When I was 14, a few weeks after my grandmother died (a week after my birthday), my mother and I found out that she too had diabetes. Come to find out, majority of my family has had or still have diabetes. It is hereditary. Seeing both my mother and grandmother sick would have me lose my appetite, and energy to do any of my school activities, to do anything at all. Throughout the days, my eyes would feel like it is burning, my clothes would look dull and pale, and my face would be swollen. Because the idea of losing my mother made me terrified. At first my mother was type 1, but because she was not taking care of herself, by stop working out, and following her diabetic diet, she became more ill. She had to constantly be admitted in and out of the hospital up until her passing away (a week after her 45th birthday).
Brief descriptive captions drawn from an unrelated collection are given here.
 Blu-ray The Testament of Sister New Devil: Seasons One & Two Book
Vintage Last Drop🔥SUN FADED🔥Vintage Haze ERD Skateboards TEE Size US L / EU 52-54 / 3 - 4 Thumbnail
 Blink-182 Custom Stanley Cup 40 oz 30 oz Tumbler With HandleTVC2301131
Before, I wanted to find out more about diabetes in order to help my mother get better, especially since I couldn’t help my grandmother. I did not want to see my mother go through the same illness my grandmother went through. But I did, and she experienced worst! My mother had her ups and downs with her health. But to be honest her doctors nor the hospital had really helped her get better. Giving someone multiple medications will NOT help them!
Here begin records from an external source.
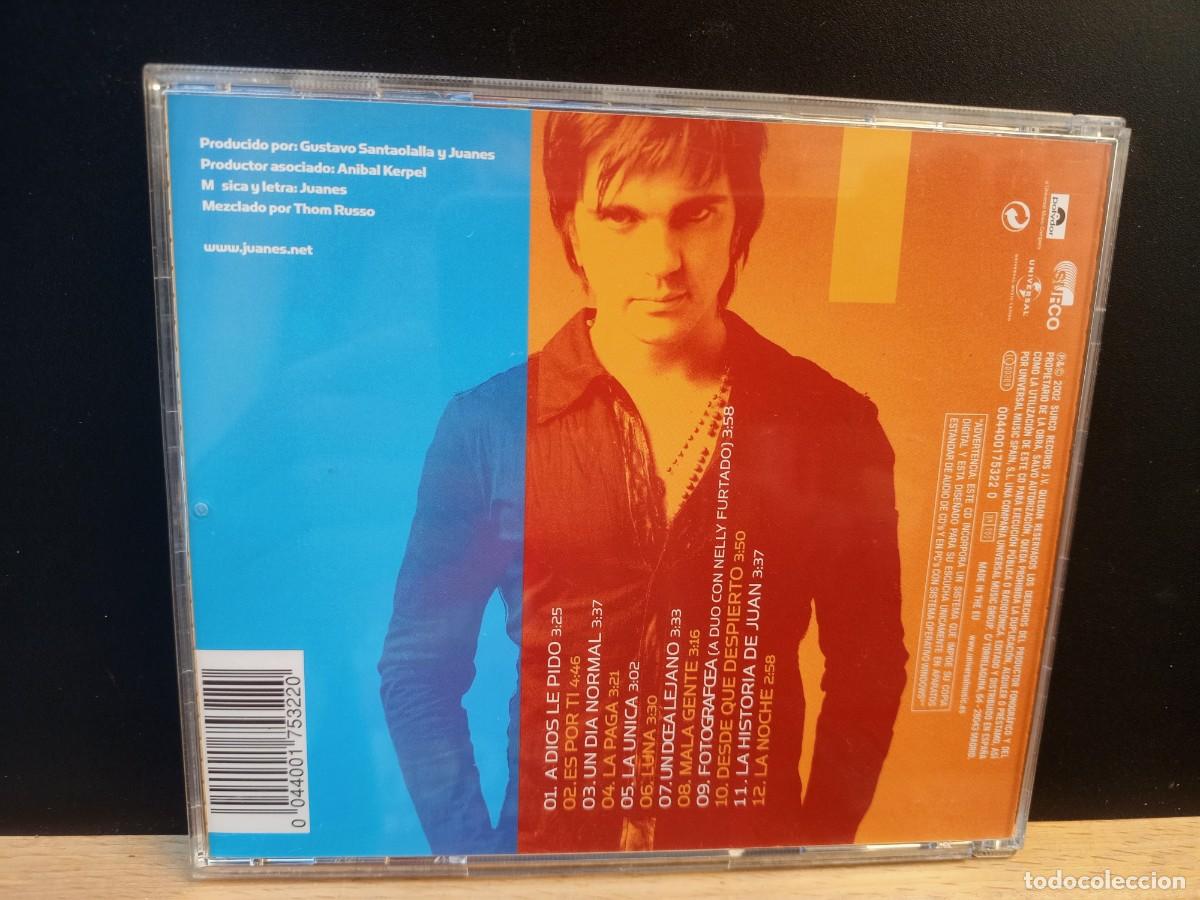 CDs de m&uacute;sica: JUANES - UN D&Iacute;A NORMAL - 2002 - Foto 4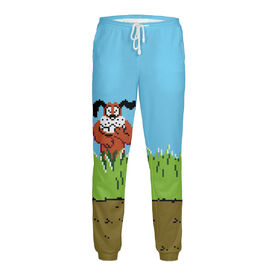 Мужские спортивные штаны с принтом Duck Hunt (NES) Dog в Кировске,  |  | Тематика изображения на принте: 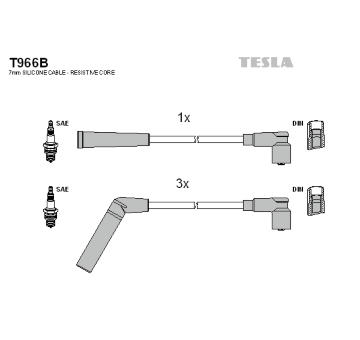 Sada kabelů pro zapalování TESLA T966B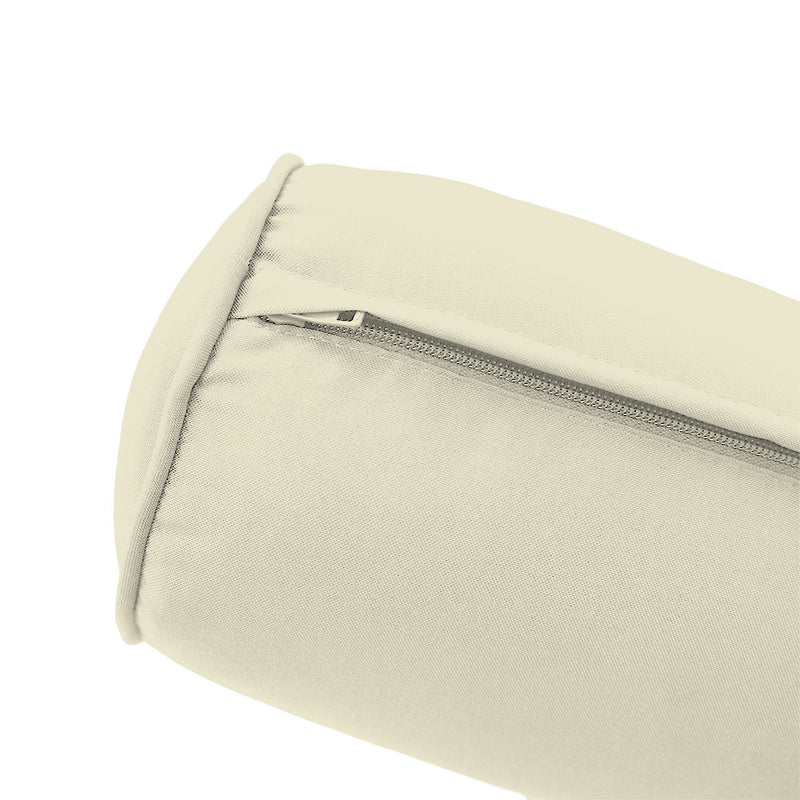 Model-6 CRIB SIZE Bolster & Back Pillow Cushion Outdoor SLIP COVER ONLY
Diabetes is a very serious disease that needs to be taken care of. Now, after losing both my grandmother and mother, I want to make sure I do not put myself on the same route like them. From what I experienced from both my grandmother and mother, they would feel excoriating pains that would make them feel out of breath, numb in either the arms or legs, continuously being nauseous, and dizzy. Countless of times seeing them cry, countless of times hearing them say they were tired. If I could turned back the hands of time, I would and educate us all!

Diabetes is known to be the sixth cause of death in America and the fifth leading cause of death from diseases. Each year, about 200,000 deaths are reported that is caused by diabetes. I refused for my mother to become a part of that statistic but she did. So now, I have to make sure I am not going to be a part of that statistic! As of now, I am pre-diabetic as of June 2016. When I did my annual checkup June 2017, I was still pre-diabetic but my doctor said that my health was improving. My mission is to continue to get better, to live pass 45 and 61. I know they would want me to.

I refuse to be drained by 4pm. I refuse to stay stuck in my bed. I refuse to mumble words. I refuse to walk slowly. I refuse to and sleep majority of the day but not at night. I refuse to spend most of my time at doctor visits just to be prescribed another medication that WILL affect me! It is known that 40-60 percent of the medical cost in Latin families comes out of pocket. I want to and will live for both my grandmother and mother, because they had raised a strong woman. I will be have [DIE]abetes!!